◆ **Input data**:
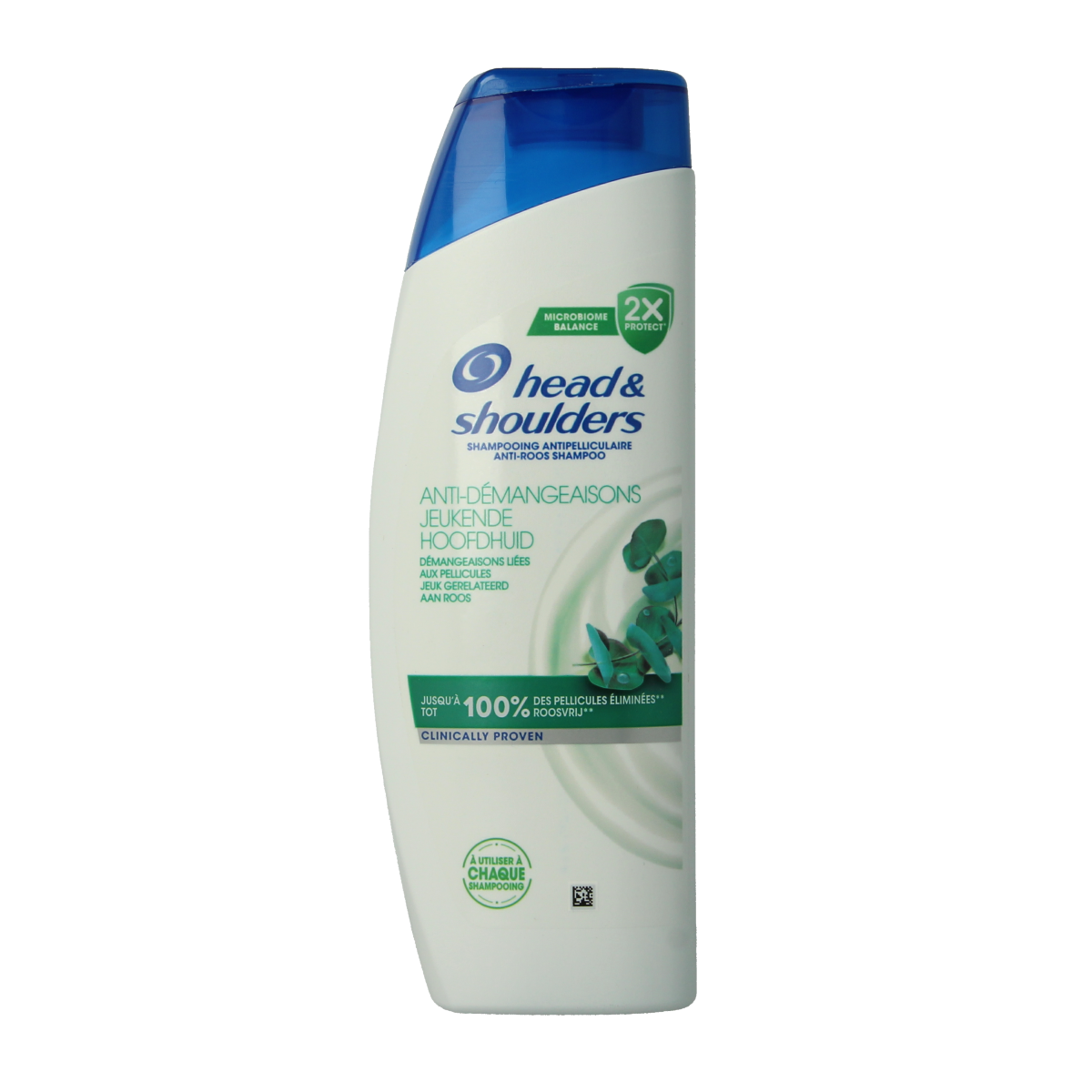 Head & Shoulders anti-itch shampoo bottle, 300ml, hair care product with a white and blue label.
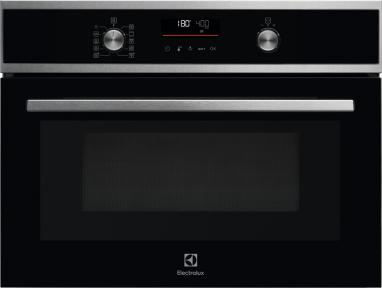 Kompaktinė orkaitė su mikrobangų funkcija Electrolux EVL6E46X Ner.plieno spalvos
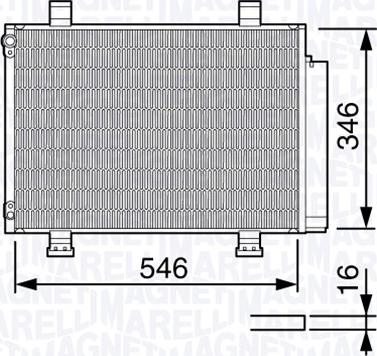 Magneti Marelli 350203672000 - Condenser, air conditioning autospares.lv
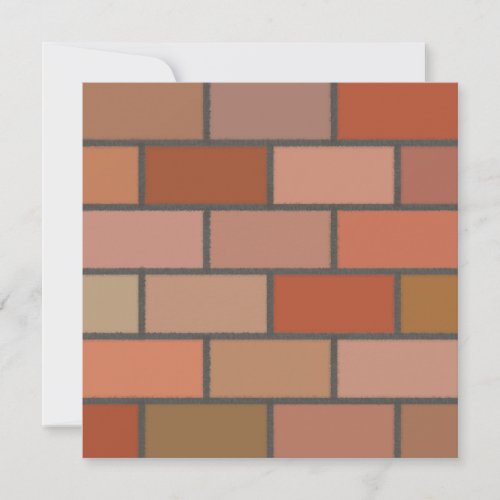 New Brick Wall Design Pattern Holiday Card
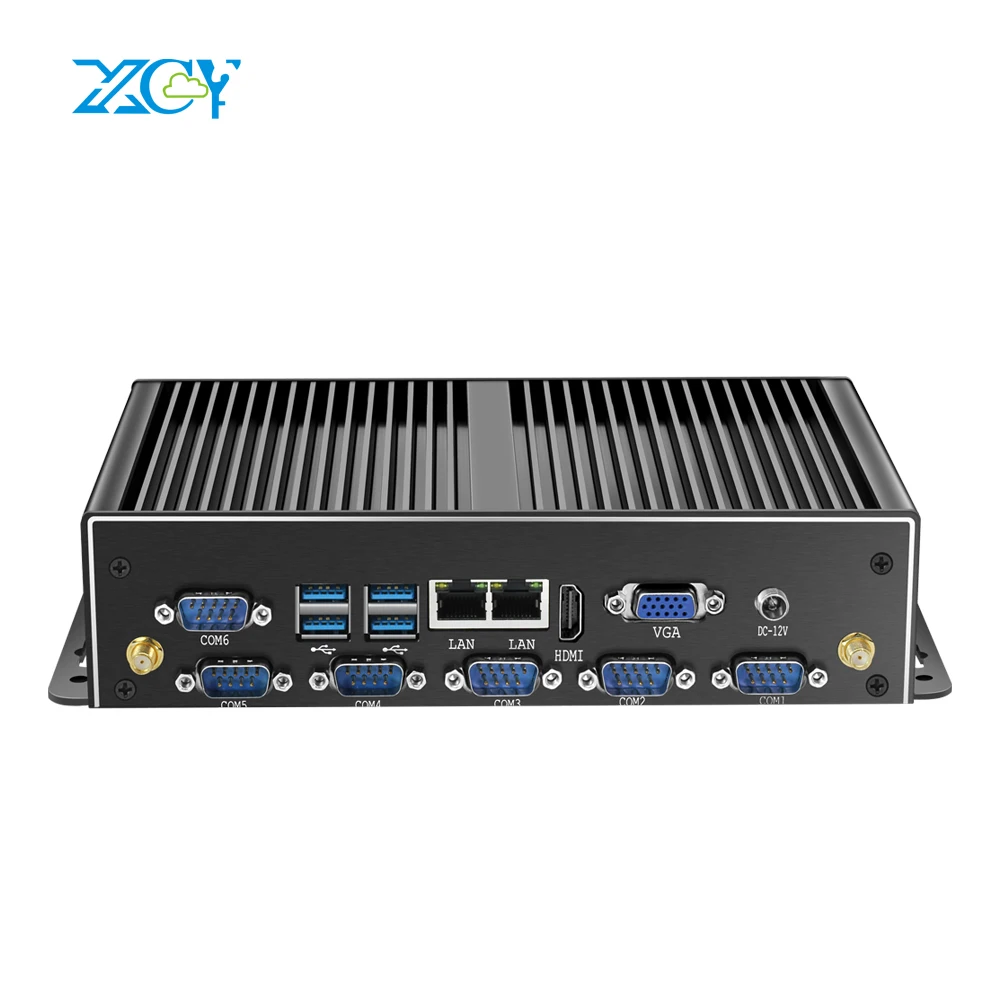 

XCY industrial computer J1900 Quad Core 2 ethernet 6 RS232 embedded pc fanless portable computer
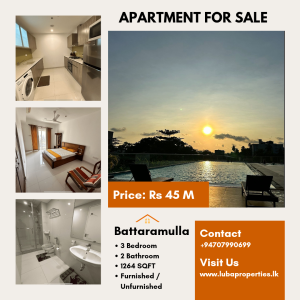 3BR apartment for sale in Fairway, Koswatte, Battaramulla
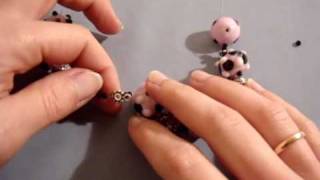 Braccialetto Lampwork  Come Fare Bracciali  HobbyPerlinecom [upl. by Zurciram702]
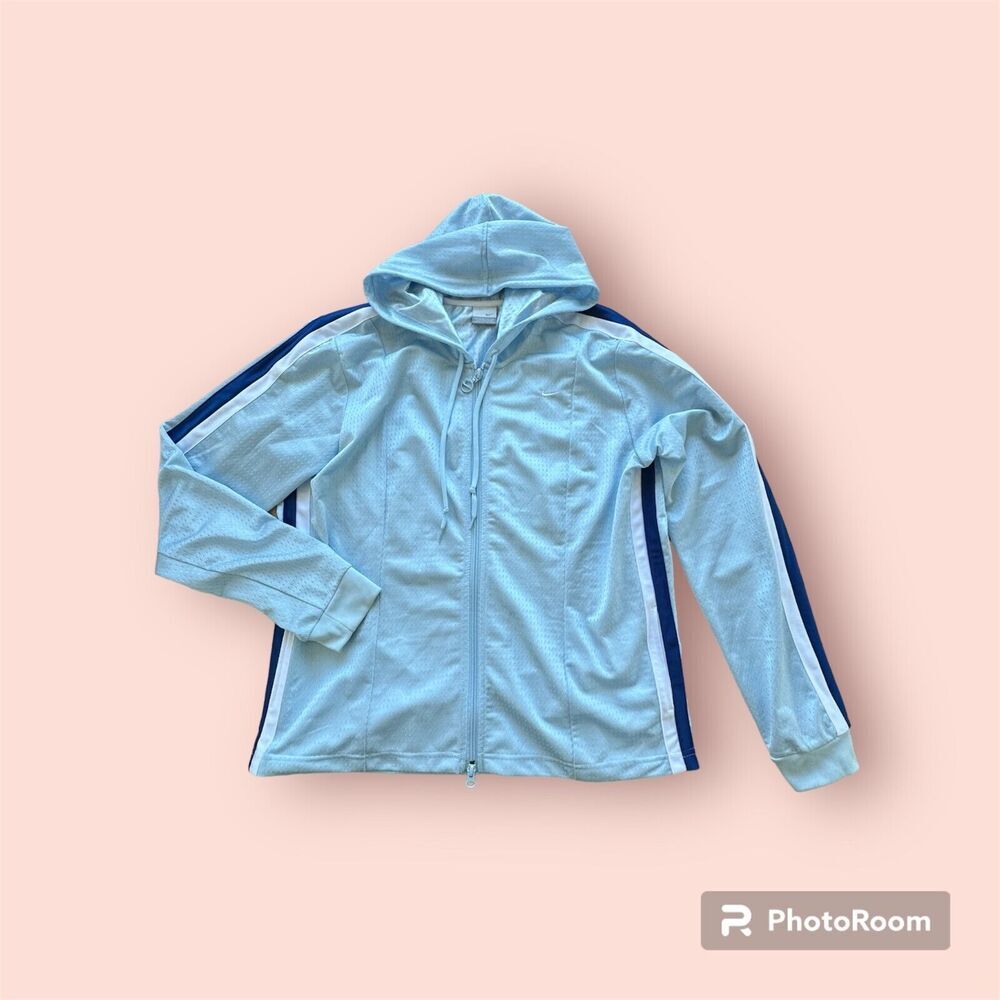 Nike  mesh Jersey  hoodie  Jacket Women‎ Size  XL 16-18 Blue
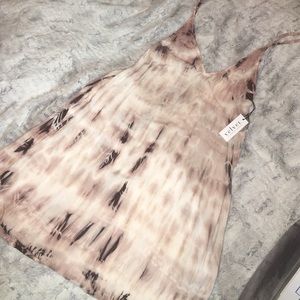 Silky Tie Dye Dress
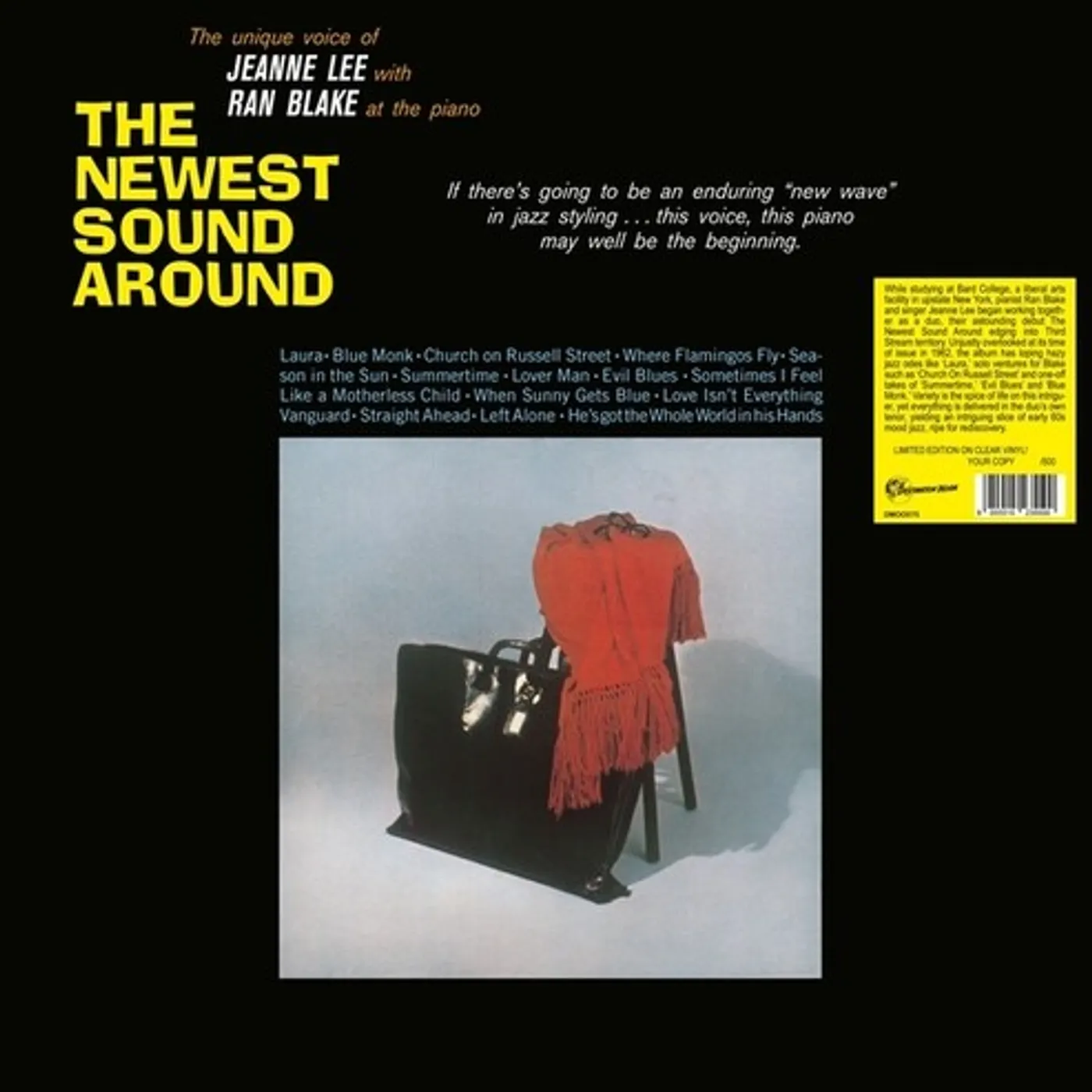 Jeanne Lee And Ran Blake NEWEST SOUND AROUND Vinyl Record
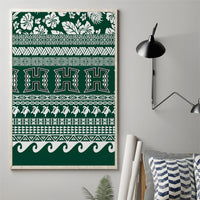 Hawaii Rainbow Warriors Christmas Canvas Wall Art Kakau Motifs LT7 - Polynesian Pride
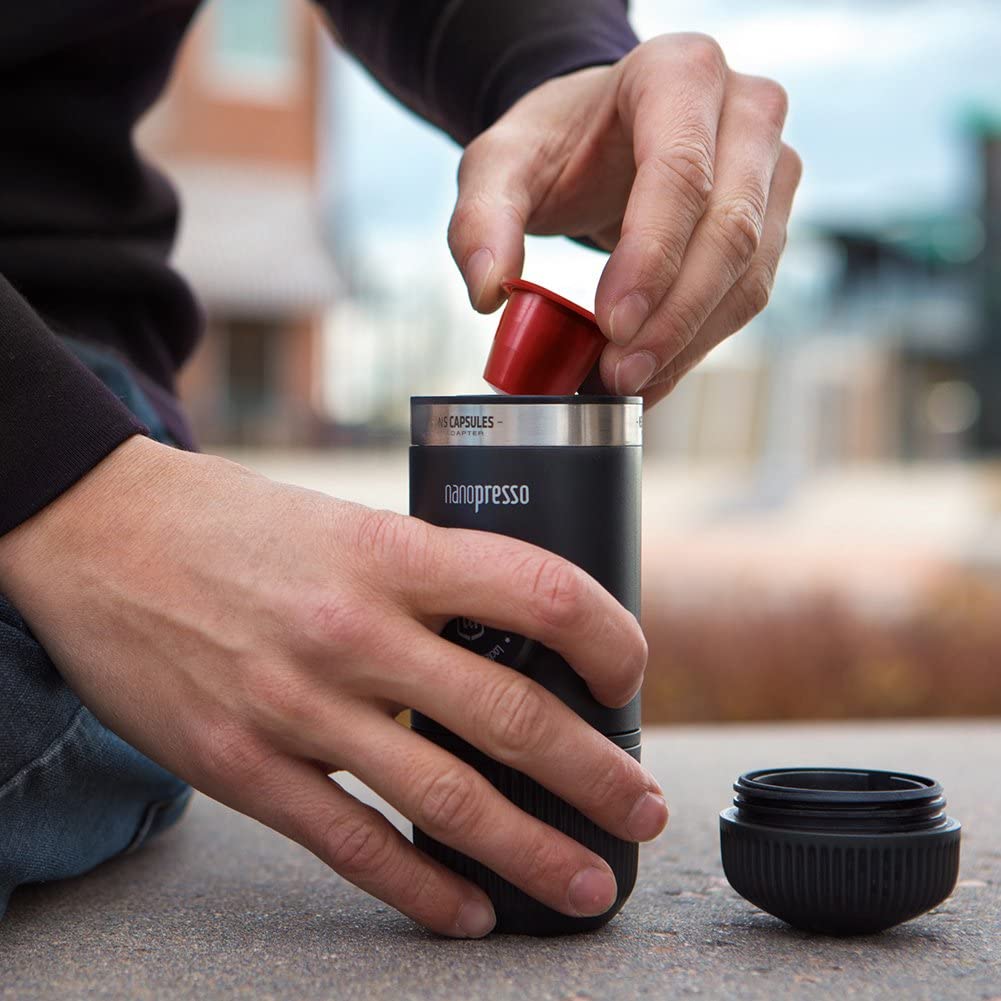 Miniatura WACACO Adaptador de Cápsulas para Mini Máquinas de Café Po rtátil Compatível com Cápsulas Nespresso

◆ **To do**: Leave out all pictures and output each line exactly, from the top of the records through the line that holds "Hawaii Rainbow Warriors".

◆ **Result of this exercise**:
 Head & Shoulders anti-itch shampoo bottle, 300ml, hair care product with a white and blue label.
 Kompaktinė orkaitė su mikrobangų funkcija Electrolux EVL6E46X Ner.plieno spalvos
 Magneti Marelli 350203672000 - Condenser, air conditioning autospares.lv
 New Brick Wall Design Pattern Holiday Card

XCY industrial computer J1900 Quad Core 2 ethernet 6 RS232 embedded pc fanless portable computer
 3BR apartment for sale in Fairway, Koswatte, Battaramulla
 Braccialetto Lampwork  Come Fare Bracciali  HobbyPerlinecom [upl. by Zurciram702]
 Nike  mesh Jersey  hoodie  Jacket Women‎ Size  XL 16-18 Blue
 Silky Tie Dye Dress
 Jeanne Lee And Ran Blake NEWEST SOUND AROUND Vinyl Record
 Hawaii Rainbow Warriors Christmas Canvas Wall Art Kakau Motifs LT7 - Polynesian Pride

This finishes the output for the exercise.